**WHAT THIS TASK INVOLVES**.
Retype the following data exactly, but leave its pictures out.

**DATA SECTION**.
Start of Block

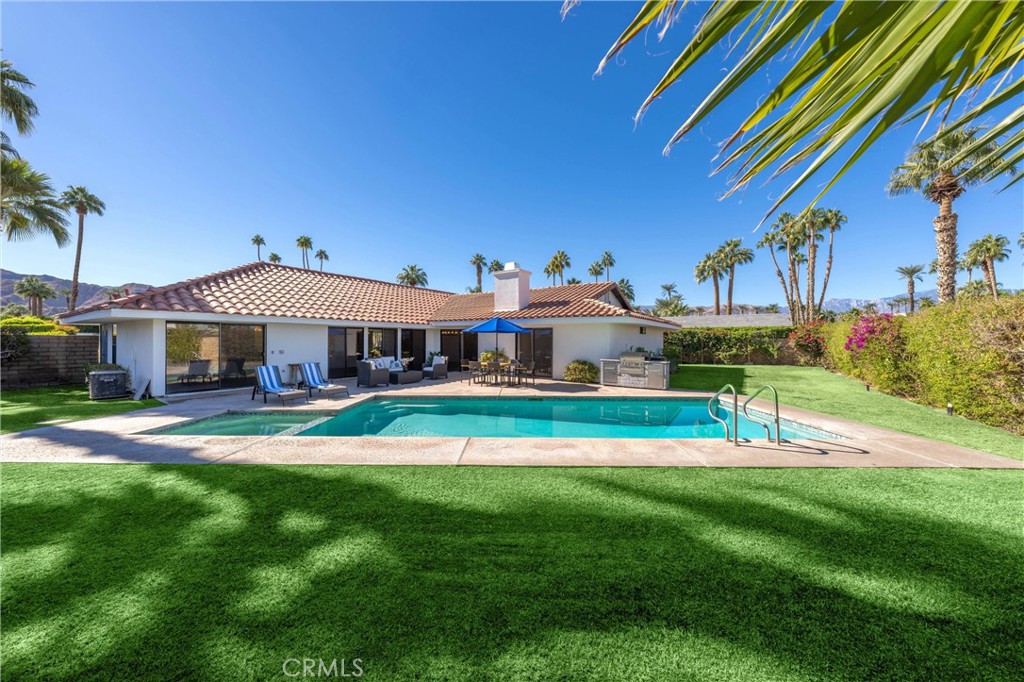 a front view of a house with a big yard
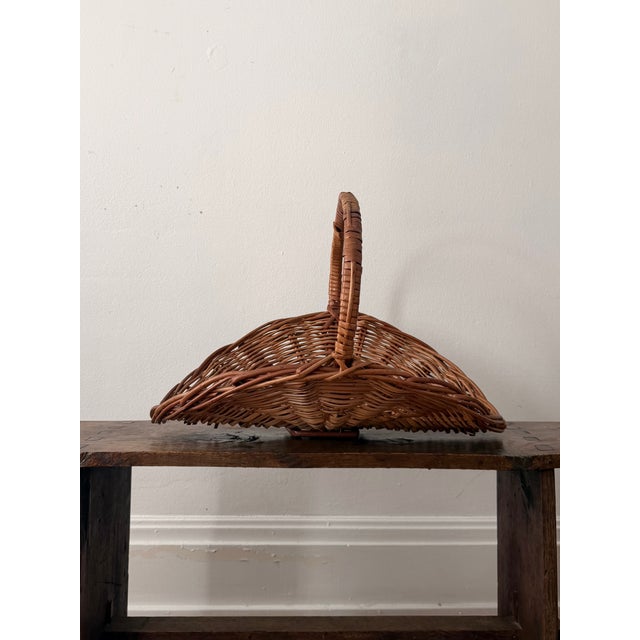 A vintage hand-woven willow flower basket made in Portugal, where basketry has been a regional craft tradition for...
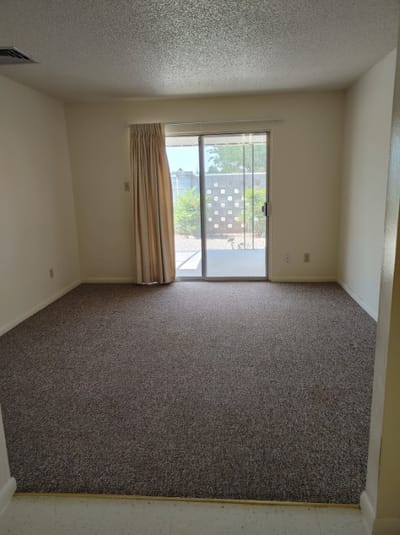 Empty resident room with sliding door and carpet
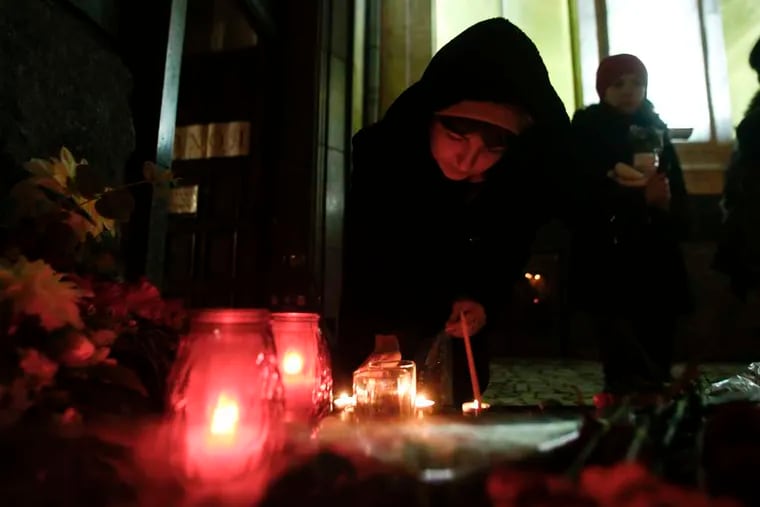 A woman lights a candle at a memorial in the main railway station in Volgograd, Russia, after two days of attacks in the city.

End of Block

**RESULT FOR THIS EXERCISE**.
 a front view of a house with a big yard
 A vintage hand-woven willow flower basket made in Portugal, where basketry has been a regional craft tradition for...
 Empty resident room with sliding door and carpet
 A woman lights a candle at a memorial in the main railway station in Volgograd, Russia, after two days of attacks in the city.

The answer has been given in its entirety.